How the Election Could Affect the Market

Sam Swift, CFA, CFP®, AIF®

Aug 21, 2020

I went back and forth on the following opening and how best to phrase it:

  1. Believe it or not, we’re only about 75 days away from the election, or…
  2. Somehow, we still have 75 loooong days until the election.

I’ll let you choose which one fits your current mood better.

Nevertheless, the election is one more thing in 2020 that has the potential to cause more uncertainty and anxiety. I like to think way back to the good old days of February when a brutal election campaign in our polarized country was all we thought we’d be dealing with. Somehow, though, everything else going on has only served to heighten the impact to our psyches.
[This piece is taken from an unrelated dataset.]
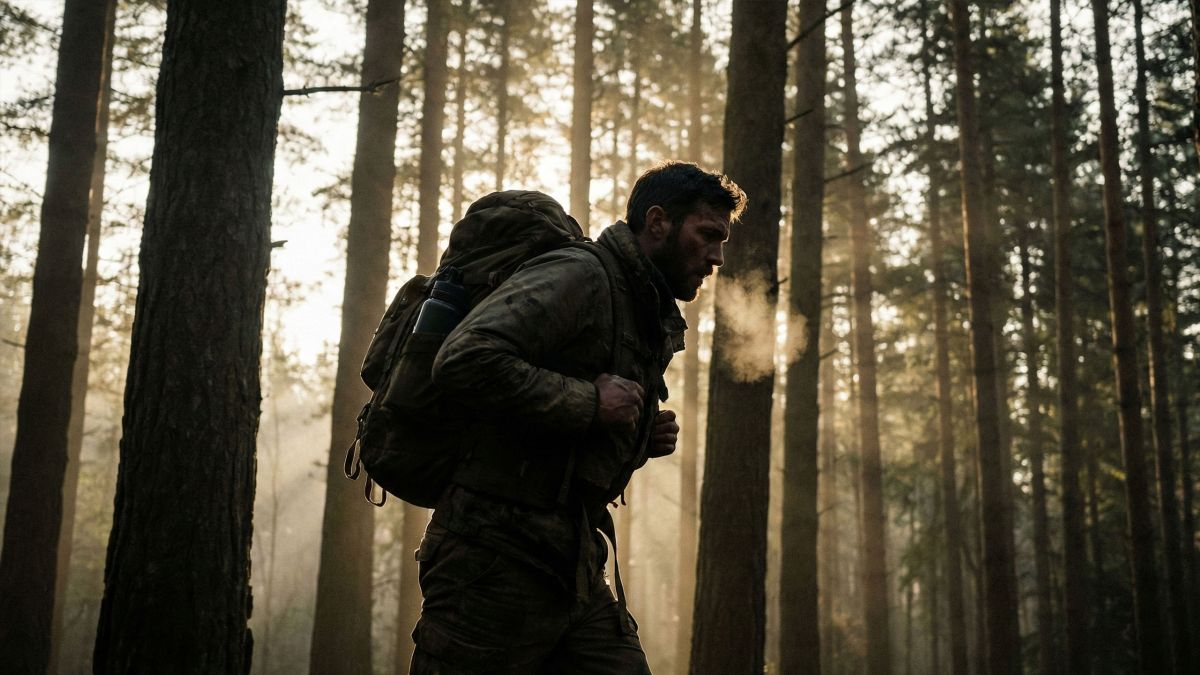 Ein starker Mann führt eine schwere Grundübung aus, um die Hormongesundheit zu verbessern.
In that spirit, I wanted to look at the actual data on election years and different administrations as it relates to the stock market.

Leading into Elections

First, let’s look at the years leading into elections:

Chart representing

The green lines here represent the returns in years prior to the election year (average = 9.9%) and the gray lines represent the returns in the election year itself (average = 11.3%). It looks a lot like the overall history of the stock market because it basically is. The years leading into and containing an election represent half of all of the years available and so it shouldn’t be surprising that the data look very similar to the entire history of the market—random overall with far larger upswings then downswings over time. For some reason, the conventional wisdom has settled on the fact that election years are odd, but the facts don’t bear that out. There’s another piece of conventional wisdom that says market volatility increases in the months and weeks prior to an election, but the data is also inconclusive on that front (you can find papers claiming that’s true and papers claiming that’s false). It’s much more likely that we are hyper aware of daily market movements in the lead up to an election and falsely attribute volatility to that when the reality is that markets have high daily volatility nearly all the time.

Market Returns

Perhaps then, the result of the election matters more. Here are the market returns for different presidential terms:

Chart representing market returns during Presidential terms.
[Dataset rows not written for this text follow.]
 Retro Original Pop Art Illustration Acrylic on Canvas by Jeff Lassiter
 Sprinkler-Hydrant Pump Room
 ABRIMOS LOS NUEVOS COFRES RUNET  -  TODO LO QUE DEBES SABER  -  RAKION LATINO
Again, this shouldn’t be that surprising. If we take any four-year period in the history of the market, it’s likely that returns will be positive. Of course, it’s not a guarantee so we do end up seeing negative returns through a few presidential terms.
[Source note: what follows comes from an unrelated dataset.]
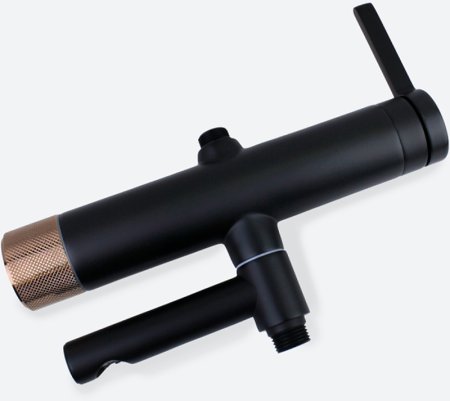 Душевая система Bronze de Luxe Avantgarde 2039RGB Черная Розовое золото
Surprisingly, there is, in fact, a significant split between party control of the White House. Republican administrations through 2019 averaged around 9.6% through their terms while Democratic administrations averaged around 14.5%. Of course, starting with Hoover and the worst years of the Great Depression is going to have a major impact and that single term alone is responsible for most of the gap.

I should also point out that a well-diversified global portfolio is not simply US stocks. About 40-50% of the world’s publicly traded stocks by market capitalization lie outside the US. Here are the patterns we see in the international stock markets:

Chart representing international stock returns during presidential years. Highest returns range from 1985-1988 during Reagan's term over 40%, with the lowest returns during the Bush term approximately 5%.

There’s not as much available data, but the same pattern roughly holds—there is little correlation between the presidency and stock market returns and there is certainly no evidence of causation.

Does it matter?

On a scale of things that matter to the performance of stocks, who is in office matters very little. Presidents get far too much credit and far too much blame for the movements of the stock market. It’s not that presidential administrations can’t have an effect on economic variables which do tend to drive long-term performance—their policies certainly do just that—it’s that companies will make adjustments to new policies over the long-term and continue to grow.

Let’s take tax rates as an example. Suppose an administration pushes through a change to raise corporate tax rates. It’s likely there would be some short-term shock as investors realize they will receive less profits than they thought in that immediate year. But companies adjust quickly to the new rules. Perhaps they raise prices or cut lines of business that are no longer profitable under the new laws. Perhaps a raise in taxes leads to a raise in benefits to lower income people and that leads to greater consumer spending and new markets for businesses to enter. The point is a new equilibrium will be reached. The markets have seen all kinds of policies from the left and the right over the last 100 years and they have continued to grow through them all.

Familiarity Bias

In the end, elections and politics and the concern over how they affect the stock market are great examples of familiarity bias. The current news media is set up to cover presidential elections as the world’s greatest reality show and so we can’t help but to have it front and center in our minds. As mentioned earlier, about 40% of our stocks are invested internationally, but we don’t fret about what the next Japanese, Indian, or Spanish election is going to do to our portfolio. Yet we do it with our own elections as a byproduct of our heightened awareness and familiarity with the impact it can make on other parts of our lives.

Presidential politics matter greatly for our society, but they don’t matter that much for the markets. So get involved with what you believe in. Fight for the direction you want the country to go in. Just don’t worry about it in the context of your portfolio. There are far more important issues at stake.